[Stored data Boundary: Start]
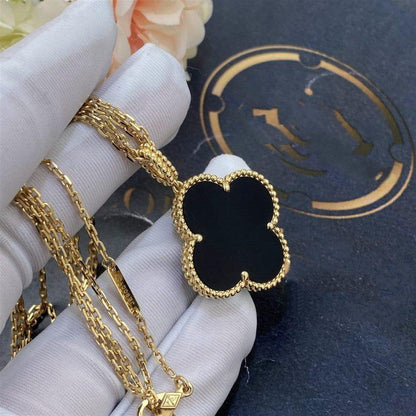 [LUCKY LOVE]CLOVER 25MM GOLD ONYX BIG CLOVER NECKLACE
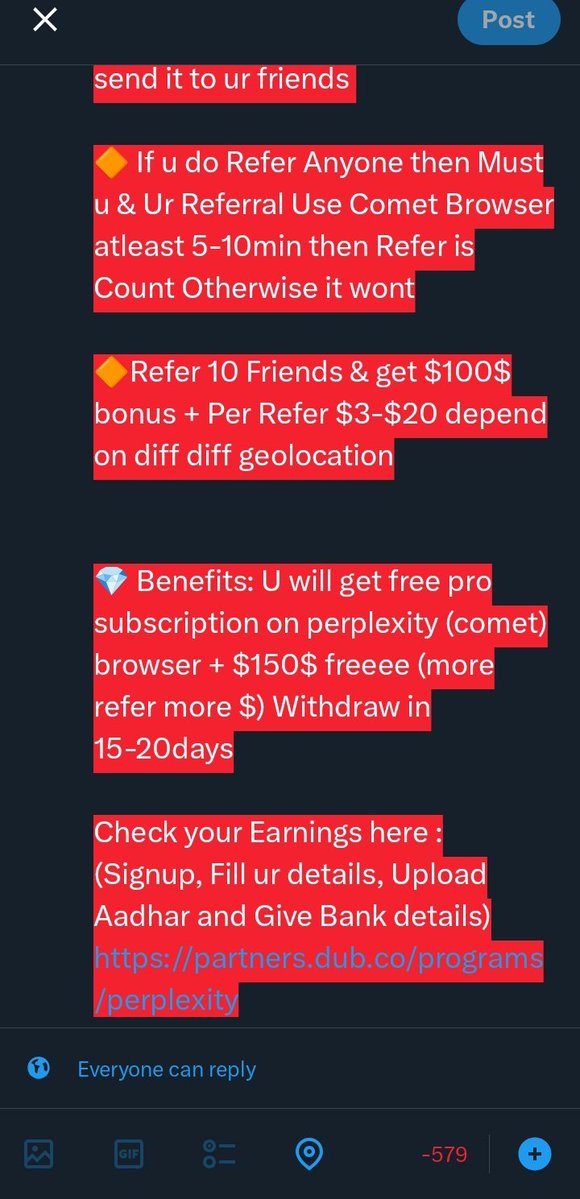 RC9990's tweet image. Perplexity is Offering $3 to $20 free per refer to use the "COMIT BROWSER"
Limited Time offer..
💯 % trusted 
Link Here
refer.dub.co/rakesh-6cso
Perplexity is Offering $3 to $20 free per refer to use the "COMIT BROWSER"
Limited Time offer..
#perplexity_ai #earn #comet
[Stored data Boundary: End]
What you need to do. Where the line containing "refer.dub.co/rakesh-6cso" appears in the records above, begin copying and continue through the last line; copy each line exactly and include no others.

Response area.
refer.dub.co/rakesh-6cso
Perplexity is Offering $3 to $20 free per refer to use the "COMIT BROWSER"
Limited Time offer..
#perplexity_ai #earn #comet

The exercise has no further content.